Can entrepreneurs learn anything here?

I think so.

Putting trust and chemistry before credentials means you get a recruitment process that is slow, distributed and value-centric. Here’s what I mean by that:

Going slow when looking to expand your team can be challenging. There’s lots of work that needs to be done and it’s tempting to simply settle for the first candidate who fits the formal criteria for the position in question.

You might get lucky once or twice with that strategy, but you’re taking a huge risk, since nothing will slow you down more than recruiting the wrong person.

So how slow is slow enough? That depends on the second factor; you want your recruitment process to be distributed, meaning that the future team mates of the new-comer should have a say in the matter. Ideally that entails every candidate getting vetted by every member of the team. Which you can see will add up to quite a number of meetings.

In fact, they gave this trust vs. time equation some serious thinking at Google. Steven Levy reports in his book In the Plex, How Google Thinks, Works, and Shapes Our Lives, how the company became positively obsessed with creating a thoroughly distributed vetting process. In the end, management had to step in and decree that if the hiring team hadn’t made up its mind about a potential candidate after twenty interview sessions, they’d pull the plug on the process. (How many sessions led up to *your* latest recruitment?)

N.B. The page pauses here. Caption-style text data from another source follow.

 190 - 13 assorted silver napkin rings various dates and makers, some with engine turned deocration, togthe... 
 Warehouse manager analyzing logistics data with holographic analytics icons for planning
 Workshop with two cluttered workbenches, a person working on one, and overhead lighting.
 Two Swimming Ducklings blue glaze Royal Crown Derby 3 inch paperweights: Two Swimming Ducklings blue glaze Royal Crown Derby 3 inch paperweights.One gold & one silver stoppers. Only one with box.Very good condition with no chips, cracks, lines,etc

Of course, most entrepreneurs won’t have the financial muscles of NASA or Google. That’s ok though, it’s what brings us to the final factor: values.

Your values and how passionate you are about your mission, are by far your most precious assets. In fact, I’d go as far as to say that it’s only when two people share values and buy into the same mission, that they can fully trust each other.

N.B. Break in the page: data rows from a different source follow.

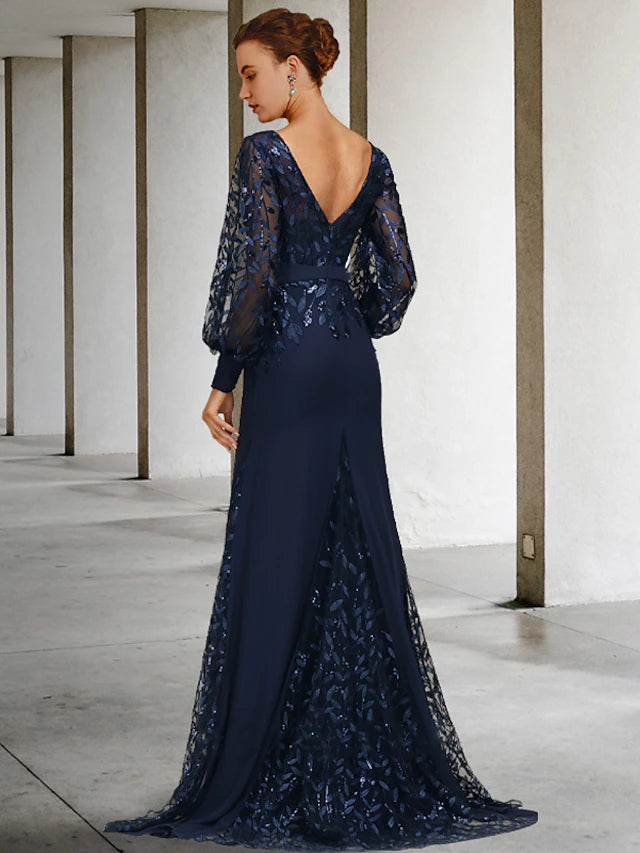 Back view of the Mermaid Trumpet gown showing sweep train and sequin lace details.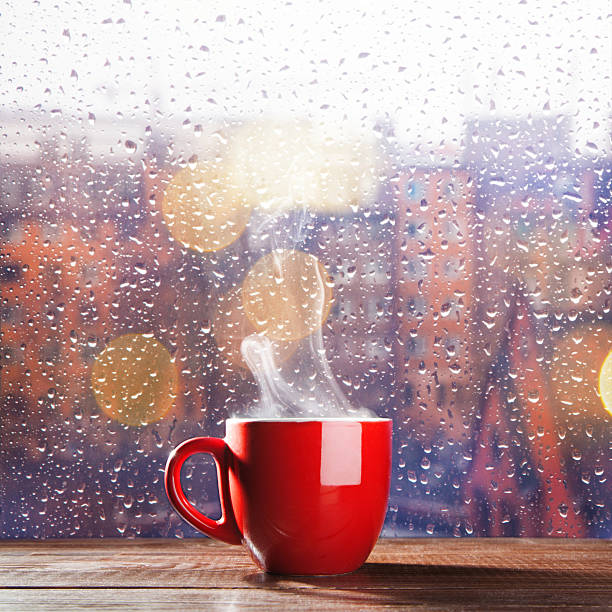 Steaming cup of coffee Steaming cup of coffee over a cityscape background rainy cafe stock pictures, royalty-free photos & images
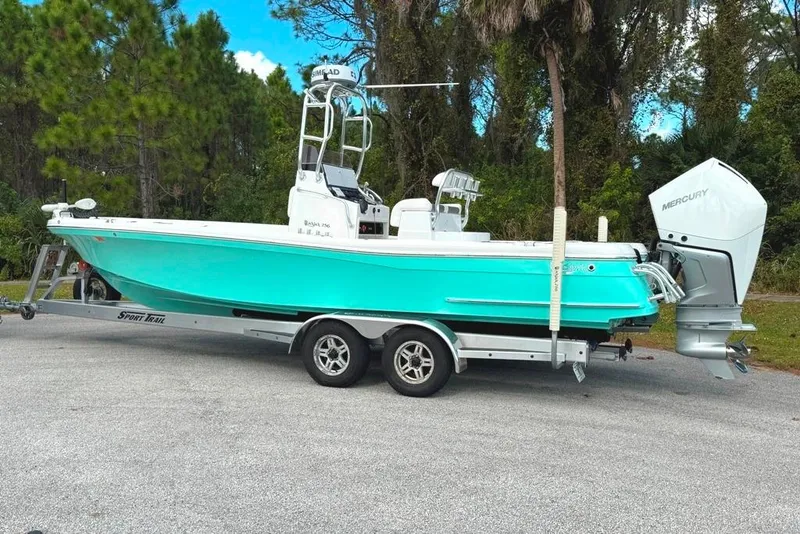 Slide: The Image of 2021 BlackJack 256 Coastal boat on trailer, turquoise hull, Mercury outboard engine. - 2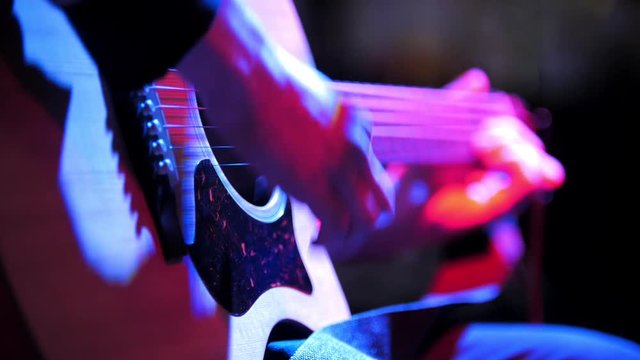 Musician in night club - guitarist plays blues acoustic guitar, extremely close up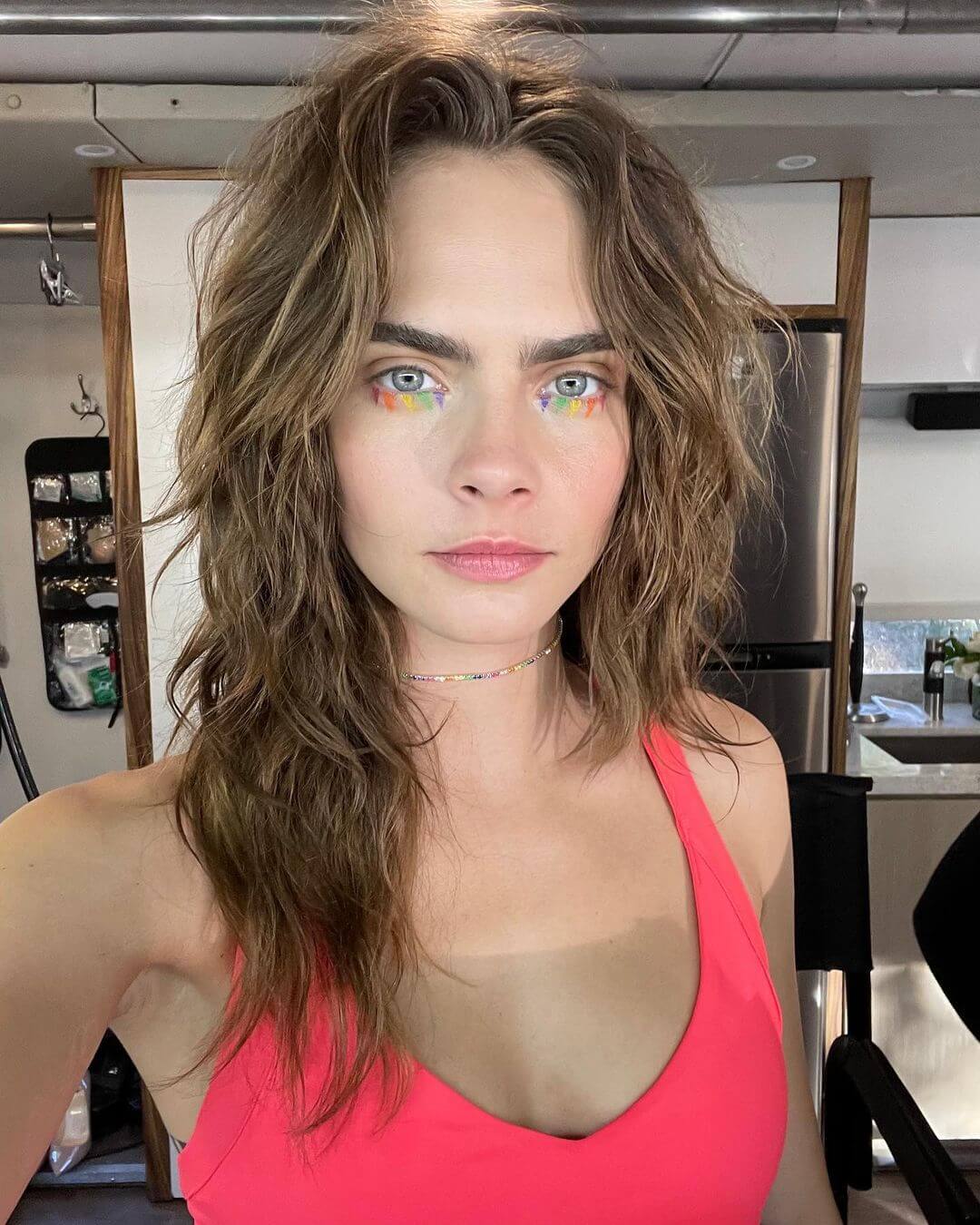 Cara Delevingne Rocks the 70s Shag Look with Colorful Eye Makeup and a Coral Pink Top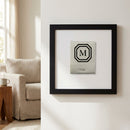 Close-up of Mark Hotel framed print on white wall in inviting living room with warm lighting and detailed wooden frame.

Entrepreneurs often don’t realise how unique they are in this regard, but the fact of the matter is that many if not most established employers struggle to keep their values alive and their mission relevant.

In fact NASA is the exception that proves the rule here. They manage to convince people to accept extreme risk while being paid a fraction of what they could get working in the industry. That should be a hard sell. The reason it’s not, has everything to do with mission and values.

So to conclude: A chemistry-based recruitment process will be painfully slow. It will challenge hierarchies in an often uncomfortable way, and it places high demands on a value-centric company culture. It’s an approach that will seem unscripted and random compared to the more traditional process that most people are used to. And in the end, if you really want to trust the people you surround yourself with, it’s the only way forward.